問題は、各キャラクターに設けられたエンディングに、恐らく一番提示したかったであろう本当のエンディングが勝っていない、という点である。本当のエンディングと銘打っていても、その結論は各キャラクターのエピソード中で幾度も反復されたものであり、別に驚くことも感化されることもない。それでも過程がしっかりと描かれている、或いはゲームとして楽しめるレベルならば納得できるのだが、描写は冗長だし、何よりその間で描かれる主人公の結論が、キャラクター毎のシナリオで綴られる懊悩や諦念、決意などと較べてあまり差違がなく、なまじ大風呂敷を広げているだけに一層色褪せて見えるのである。終盤はそれ以前のシナリオをも呑み込んだ幻想絵巻的な展開になるのだが、他のシナリオとの絡ませ方が恣意的で違和感ばかり際立っているし、先述の通りその結論が迫力に欠けるためラストシーンの感動も散漫なものとなっている。そこに加えて、本当のエンディングに至るまでのシナリオが全編通して最も冗長で、ましてそこまでのシナリオをちゃんと考えながら読んできた人間にはあとで示される結末が簡単に予想できるだけに、ひたすら退屈なのである。退屈な上に結末が近づくほど選択肢が少なく「流されている」感が強まり、ラストシーンに到達する頃にははっきりと醒めていた。

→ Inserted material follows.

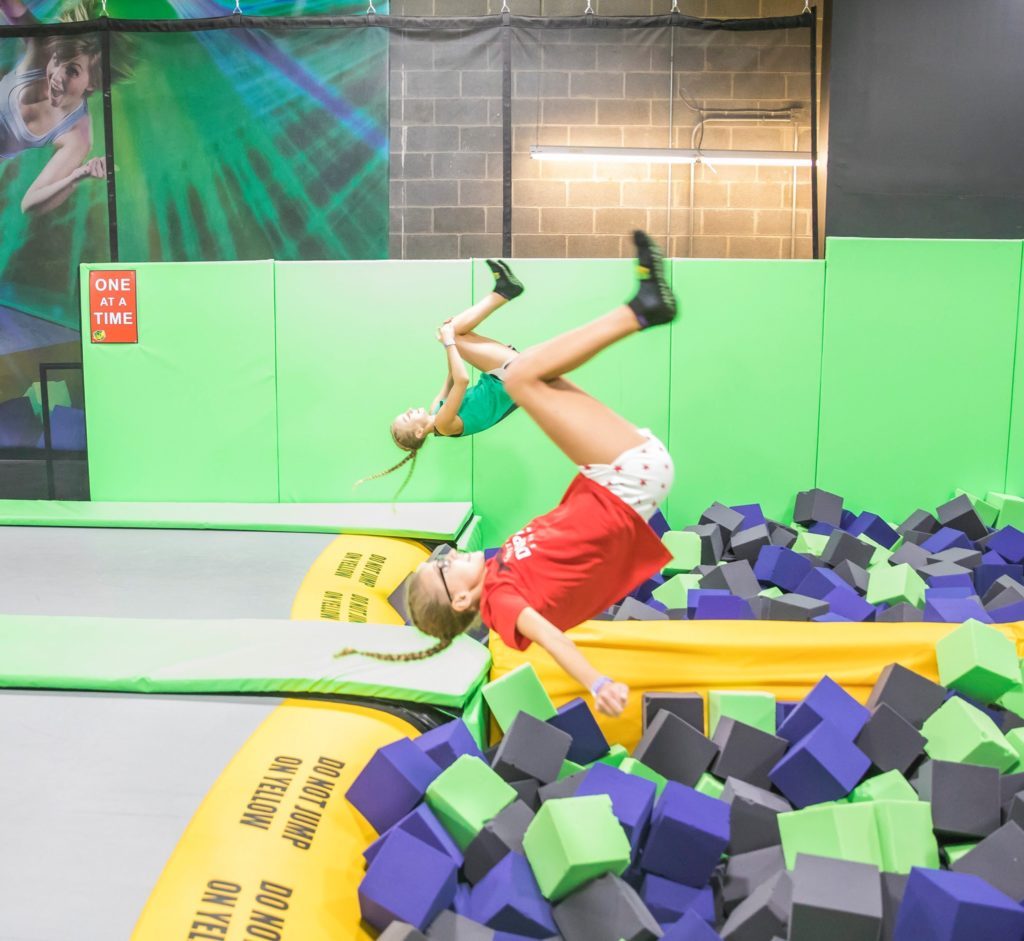 Kids jumping in the air at the indoor trampoline park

また、こういったノベル形式のゲーム作品では『文章力』が強く問われるのは論を待たない筈なのだが、無思慮な台詞繋ぎや陳腐な決まり文句、あまりに持って回った叙述が多く、或いはこちらが普段から小説を読むことに慣れている所為も却ってあるのかも知れないが、屡々集中を妨げられてプレイ中に不快を催すことがままあった。そうした表現面の不手際が反映されたのか、日常のイベントも時として冗漫になりがちだった。そして何より、殆どのキャラクターはそのエピソード展開が予測できてしまうという辺りが、シナリオ重視のソフトとしては致命的かも知れない――尤も、展開を予測してしまうのは一応の作り手志願としての習い性のようなものだし、余計な思索を交えず虚心に物語に没頭できる方なら(ただ、だからこそ文章力が問題だと言ったのだが……)まあ、そこそこには楽しめるだろう。

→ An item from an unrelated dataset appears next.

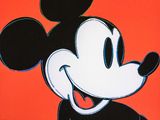 une image représentant un dessin de Mickey Mouse sur fond orange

全体に、着想は悪くなかったと思う。主軸となる仕掛けのひとつは私自身何かに使えないかと腹案にしていたものだし(ただ、これほどの大風呂敷に使おうなどとは許より考えもしなかったが)、上手くシナリオ同士の繋がりを計算してやっていればもう少し感動的なエピローグになった筈なのだが。結局問題の所在は、クリエイターの思慮不足か致命的な力量不足だと言えるだろう。
音楽
elfとしては初めてのCD-DA音源(音楽CDで利用される一般的なフォーマット)を利用している。確かにこの方式は再生面での信頼性が高く、現状では安定性・再現性共に屈指の音声フォーマットなのだが、その割に収録された演奏は通り一遍な電子音で行われており、CD-DAを活用するほどの価値は見出せなかった。折角の高音質なのだから、もう少し手の込んだ編曲にするなり生音を活用するなりした方が良かったのではなかろうか。曲の出来も、あまり良いとは思えなかった。テーマソングの歌詞は……まあ、最近はあまり期待しないようにしているのだけれど。
CG
『下級生』以来の門井亜矢が原画を受け持っている――内心、門井亜矢という人の絵には独特のカラーが濃厚であり、かなり作風を選んでしまう、或いは限定してしまうだろうな、と思っていたが、案の定全体的に『下級生』の印象が拭いきれない。また、人によって好き嫌いの分かれる型のイラストでもあり、その意味では些かマイナスになっているようだ。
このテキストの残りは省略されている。